Coming off the back of a series of increasingly spectacular rap mixtapes (now up to 25 and all available gratis via his website), lovers of raw loop work and rhythm play may feel underwhelmed by this LP- but whilst it couldn't be described as conventional hip-hop, Akira's rap dexterity is tested thoroughly across this record's 10 tracks. This is a pop album foremost, an record of songs and meaning communicated. The heartbreakingly sincere 'We Won't Be Broke Forever, Baby' orates reassurances to a lover, promises of solace from dark days. Elsewhere, the first song proper 'Video Highway' comes across as the kind of song Blur might have penned if they'd done speed and not coke. It's frenetic- and reminded me of the anime films I used to watch in the 90s when I had days off from school with the flu. High speed chase scenes, bright colours and newsreaders, swirling text, impossible energy without limit- all chaotically transfused within the prism of my fevers. As an album opener, it's relentless - a real slap upside the head.

The sun-clasped 'shake n bake' of 'All The Right Things' follows, the lulled jangle in it's verses taking me right back to Jurassic 5's good moments. The chorus is all horns and jump-ups, Akira calling the world as he sees it: his inimitable worldview a fusion of heady optimism, infectious enthusiasm and all-encompassing bricolage.
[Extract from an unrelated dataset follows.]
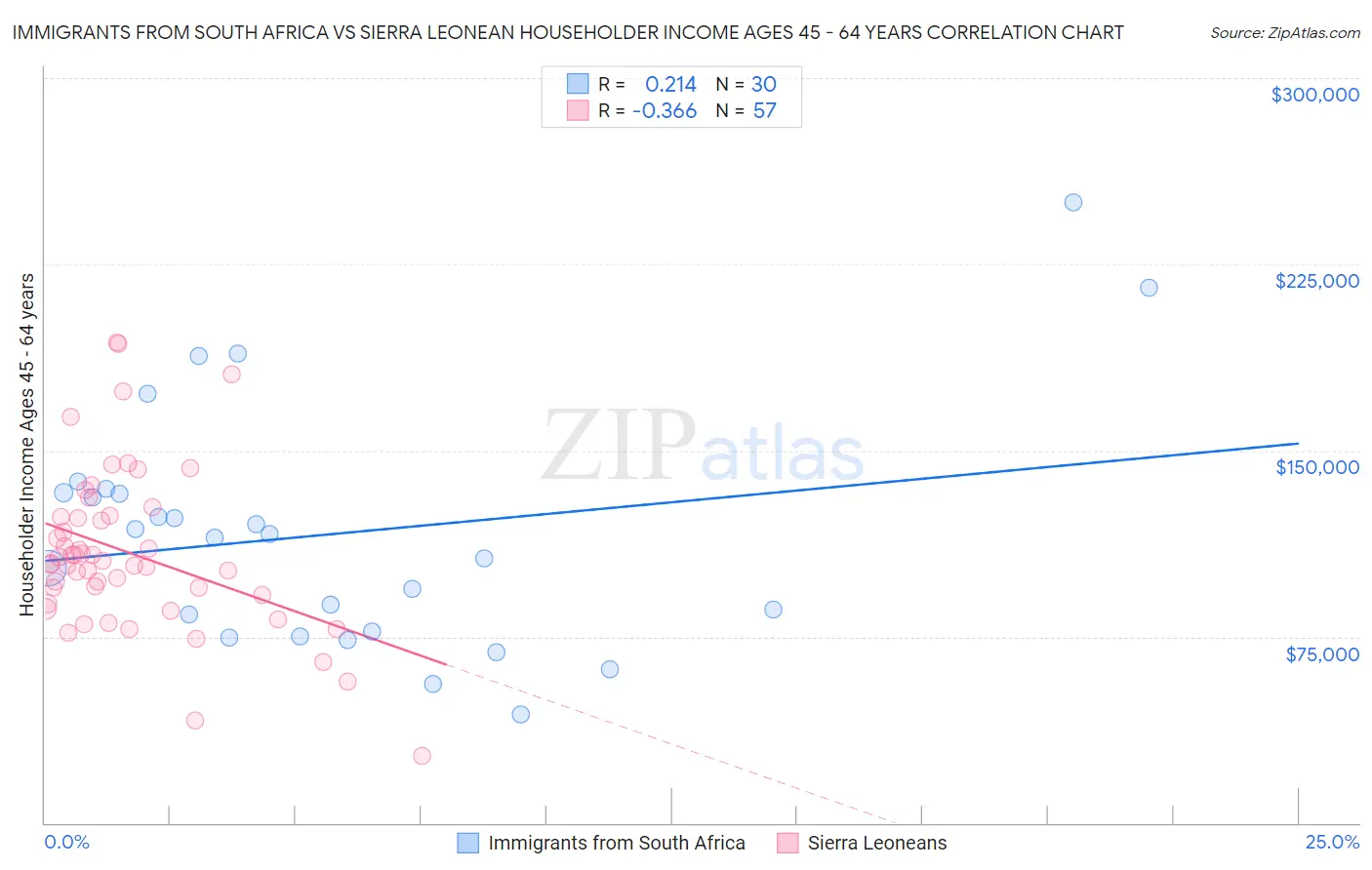 Immigrants from South Africa vs Sierra Leonean Householder Income Ages 45 - 64 years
The Life Equation can be seen as a fervent call to arms, an existential cold shower- it's introduction calling for greater unity, less emphasis on the individual- and similarly, the spoken word samples that pop up in the epic album version of 'The Life Equation' itself, seek to reaffirm this message. If the album can seem lovingly devoted to notions of quintessentially 80's and 90's British music, then it is also a forward-thinking record of positivity and realised potential. Akira is a noted home-producer, and his series of mixtapes and 'Doncasts' testify that the bedroom recording aesthetic of constant production and meta-creativity is one that seems especially pertinent here. Co-produced by Stephen Hague, famed for his work on Pet Shop Boys, New Order, Peter Gabriel and, somewhat adorably, Mel C- the album bears tints of bygone pop, but the instrumentation choice and use of the studio suggest this is a record that could only have been made 'now'. The Life Equation's Sonic choices could be conceptual, a reading of the text which I'm transplanting through association- at its core, this is an album of some very strong material and a worthy addition to Akira's ever expending musical repertoire.